## INPUT
-----

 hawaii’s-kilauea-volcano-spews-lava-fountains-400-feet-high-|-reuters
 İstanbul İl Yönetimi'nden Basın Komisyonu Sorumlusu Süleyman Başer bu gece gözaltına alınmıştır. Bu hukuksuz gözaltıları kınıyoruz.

-----

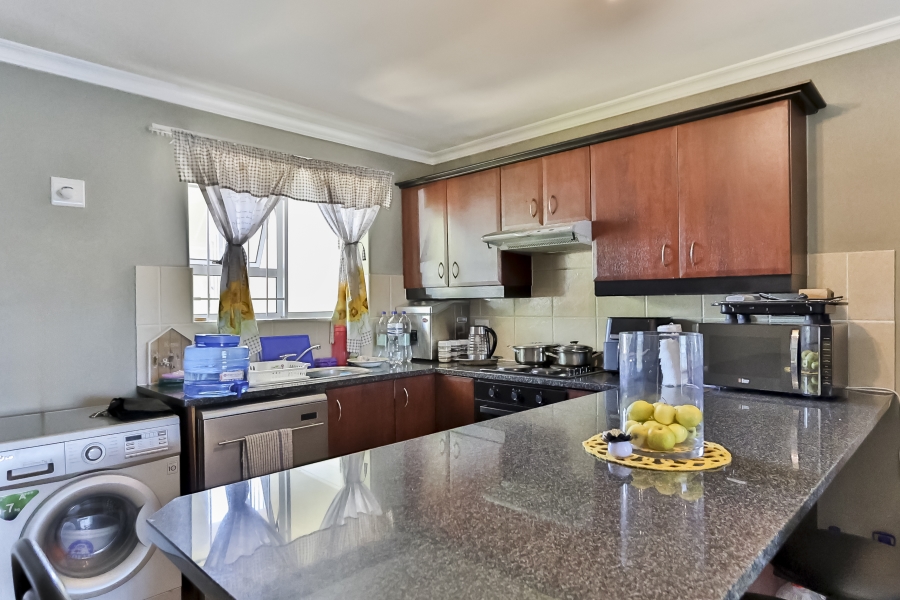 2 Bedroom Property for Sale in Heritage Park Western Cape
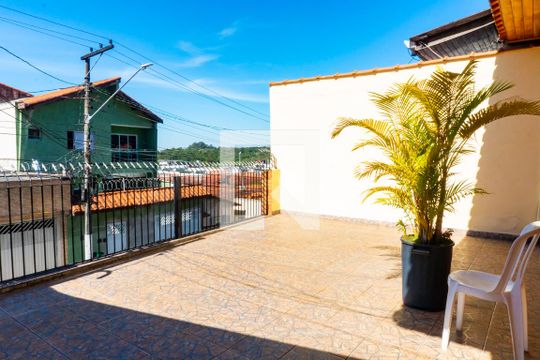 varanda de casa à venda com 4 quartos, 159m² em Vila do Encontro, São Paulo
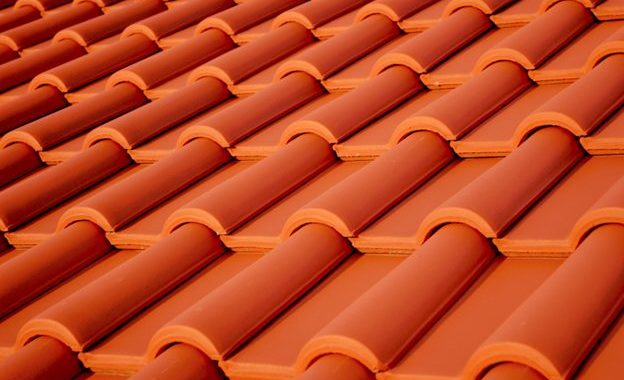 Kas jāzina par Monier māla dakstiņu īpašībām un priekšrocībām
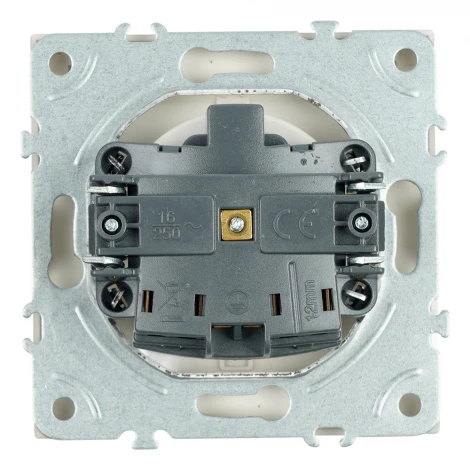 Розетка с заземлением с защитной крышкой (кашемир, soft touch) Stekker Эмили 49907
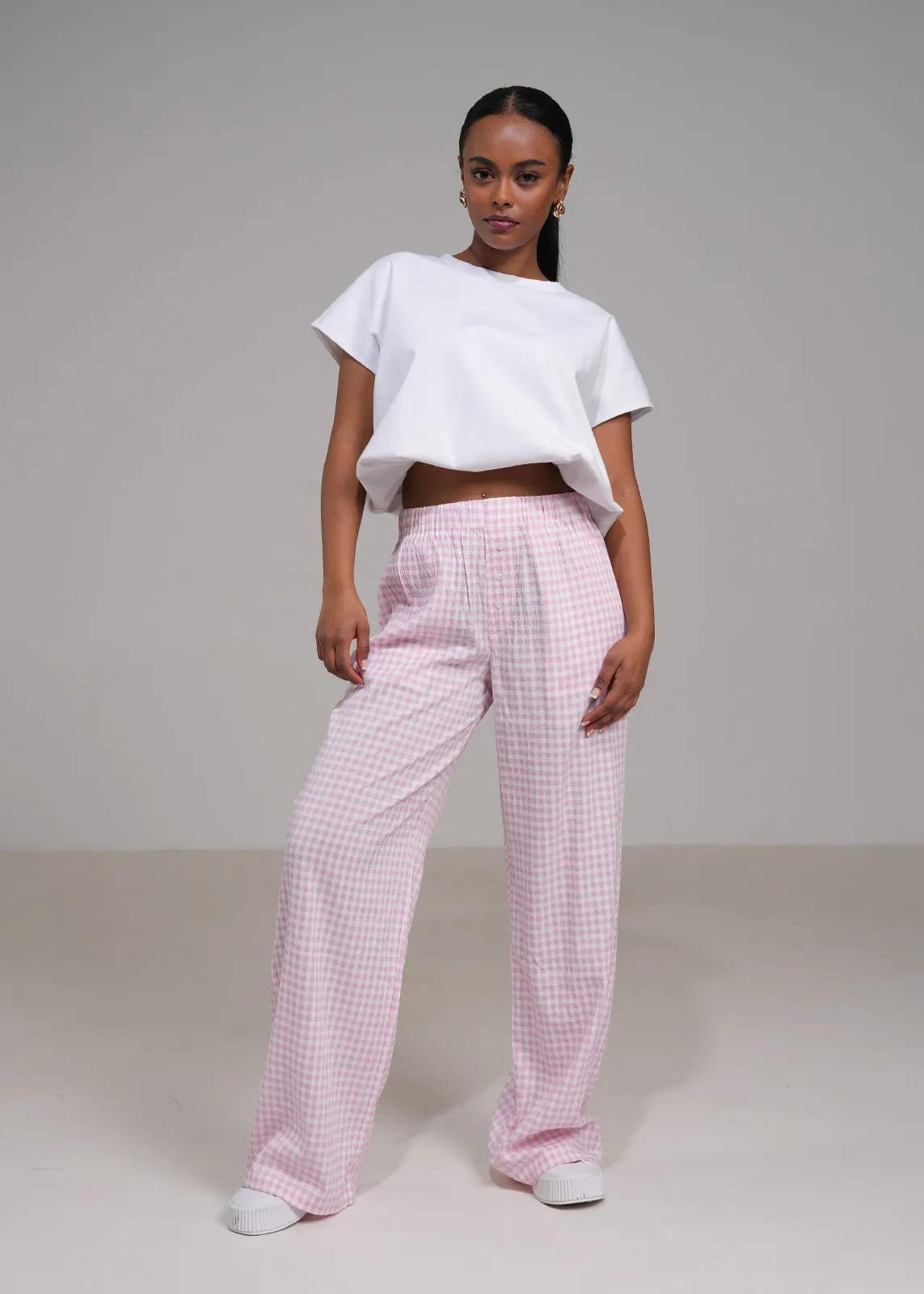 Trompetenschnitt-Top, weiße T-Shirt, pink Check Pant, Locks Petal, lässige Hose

-----

## YOUR ASSIGNMENT
Copy the entries above exactly, but only the stretch from the line containing "varanda de casa" through the line containing "Trompetenschnitt-Top, weiße T-Shirt, pink". Keep both end lines; drop the pictures.

## WRITTEN RESPONSE
 varanda de casa à venda com 4 quartos, 159m² em Vila do Encontro, São Paulo
 Kas jāzina par Monier māla dakstiņu īpašībām un priekšrocībām
 Розетка с заземлением с защитной крышкой (кашемир, soft touch) Stekker Эмили 49907
 Trompetenschnitt-Top, weiße T-Shirt, pink Check Pant, Locks Petal, lässige Hose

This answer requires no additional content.